HGG-31. HISTONE H3.3 G34R/V MUTATIONS STIMULATE PEDIATRIC HIGH-GRADE GLIOMA FORMATION THROUGH THE INDUCTION OF CHROMOSOMAL INSTABILITY

The histone H3.3 G34R/V mutations are known drivers of high-grade pediatric glioma (pHGG). However, the mechanism(s) for H3.3 G34R/V induced tumor formation are unclear. Chk1 phosphorylates H3.3 S31 at the pericentromere during early mitosis, suggesting a novel mitotic function. We observed that H3.3 G34 mutant pHGG cells have reduced mitotic H3.3 S31 phosphorylation compare to WT H3.3 cell lines. The H3.3 G34R mutation reduced Chk1 phosphorylation at S31 by >90% in an in vitro kinase assay.
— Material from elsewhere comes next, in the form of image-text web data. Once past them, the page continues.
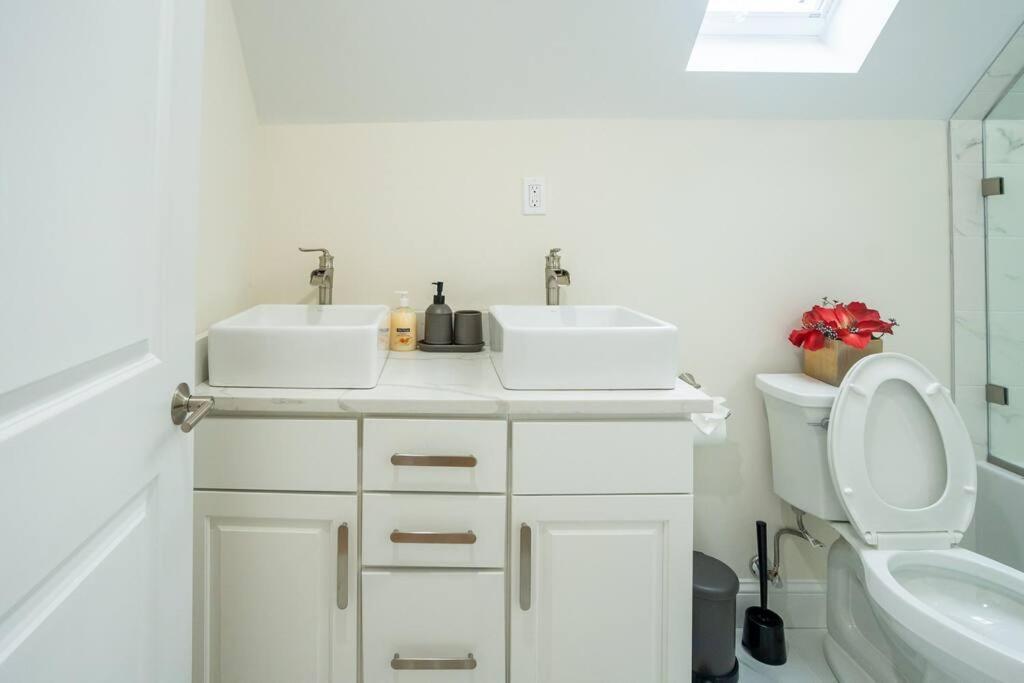 80-3 3br - Charming Near Harvard Square * Boston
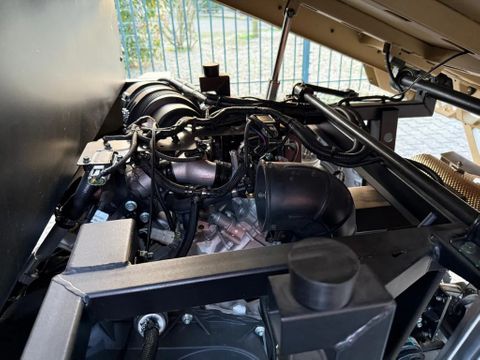 Ultra Force Equipment 1000cc 4x4 UTV | Used Machinery Trading B.V. [19]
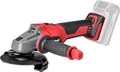 Einhell Professional AXXIO 18/125 4431140 Akku-Winkelschleifer 125mm ohne Akku, ohne Ladegerät 18V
Overexpression of either H3.3 G34R or non-phosphorylatable S31A in H3.3 WT, diploid cells led to a significant increase in chromosome mis-segregations. Likewise, H3.3 G34 mutant pHGG cells have significantly elevated rates of mis-segregation as compare to H3.3 WT pHGG cells. During normal cell division, phospho-S31 is lost in late anaphase. However, when chromosome missegregation occurs, phospho-S31 spreads and stimulates p53 accumulation in G1 – thus suppressing aneuploid cell proliferation. Here we show that cells expressing mutant G34 fail to arrest following mis-segregation, despite having WT p53. These studies demonstrate that the H3.3 G34R/V mutations are sufficient to transform normal, diploid cells into proliferative, chromosomally instable cells. To determine if this process contributes to tumorigenesis, we used the RCAS/TVA mouse model to overexpress H3.3 WT, G34R, or S31A in the glial precursor cells of mice pups. Over 100 days, S31A and G34R mice had drastically reduced survival (averaging 77, 81, and 100 days for S31A, G34R, and WT mice). Furthermore, most G34R and S31A mice developed HGG, while H3.3 WT mice remained tumor-free and did not develop high-grade tumors. Our work strongly indicates that a major factor in H3.3 G34R pHGG formation is the induction of chromosomal instability – which occurs directly through the suppression of H3.3 S31 phosphorylation.